Gwen Stefani, under the band No Doubt, wrote “Just a Girl” in 1995 in response to society’s patriarchal expectations and attitudes. The song opens with “Take this pink ribbon off my eyes,” followed by “Oh, I’m just a girl, all pretty and petite / So don’t let me have any rights.” It quickly became a feminist anthem of the ‘90s and into the 2000s, but its legacy transformed in the 2020s. On TikTok, over 2.2 million videos have “Just a Girl” as the sound used in it, and thousands of these are antithetical to the song’s message. Many feature clips of young adult women lamenting about their inability to do certain tasks they leave to men–like car oil changes, budgeting, or building furniture–and chalking it up to being “just a girl” as if it’s an aspect of girlhood.

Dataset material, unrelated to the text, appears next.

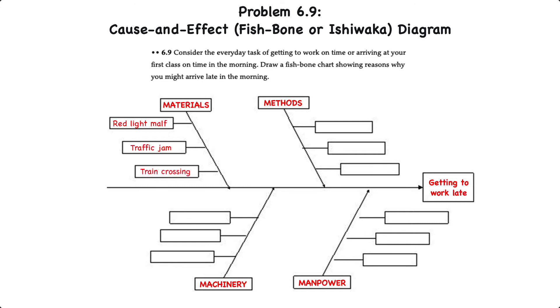Next we'll look at the method, or driving. Perhaps we took a long route instead of a short one, or we got caught for speeding, or we just weren't paying attention and took a wrong turn somewhere.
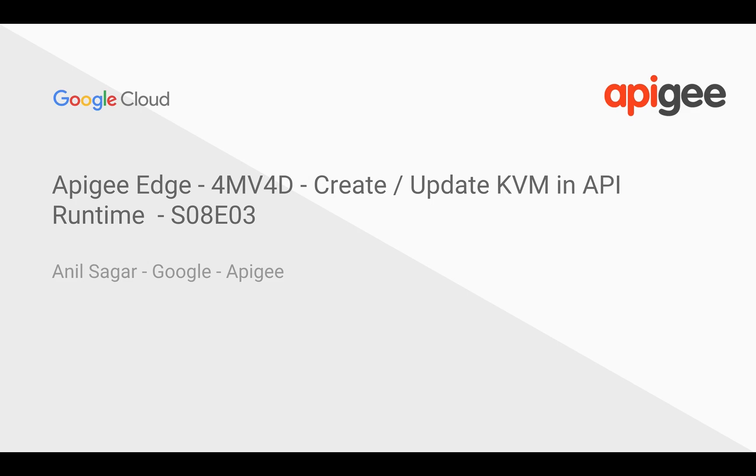Hey everyone, in this 4-minute video for developers, we are going to see how to create or update a Key-Value map in API runtime, that means during the API browsing that is happening in Apigee Edge.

Girlhood has different definitions across academia and culture, but it’s widely understood to be the socialization of girls in society and its associated joys and struggles. But the concerning nature of this culture on TikTok puts girls and young women into a box; one that engenders personal shortcomings and demeans us as a whole. We aren’t “just” girls incapable of laborious tasks that men (“men” is often said, not “boys,” ironically) need to save us from; we’re women with our own autonomy to be celebrated and uplifted. This is all especially important in the wake of the recent presidential election, where there was an uptick of 4600% in misogynistic language online after November 5. It’s crucial then for our language to center around womanhood as one of strength and possibility—one that encourages young women to be political actors.

According to the Center for American Women and Politics, in the 119th Congress women make up 26% and roughly 28% of the Senate and House, respectively. Of the 151 women serving in Congress total, only 60 identify as non-white. This troubling breakdown represents the political culture that girls and young women are raised in—one that discourages our participation. Professor Jennifer Lawless at the University of Virginia and prior Women & Politics Institute director, found that men were almost twice as likely as women to consider themselves “very qualified” to run for office, with the reverse being true for women considering themselves “not at all qualified.” Dr. Lawless also found that almost 9 out of 10 women think they face “more scrutiny and challenges than men” in political spaces. Further, the Pew Research Center found that when it comes to electing women into office, over half of Americans view women having to prove themselves more than men as a major reason for our political obstacles. Girlhood rhetoric should give greater weight to its linguistic implications as it does not exist in a vacuum.

The path forward is not one that shames women for celebrating girlhood but does so without minimizing it to a child-like sense of self navigating our lives. We need to champion the strength, resilience and potential of every girl. Our ballots can have pink bows without associating girlhood as one marked with helplessness.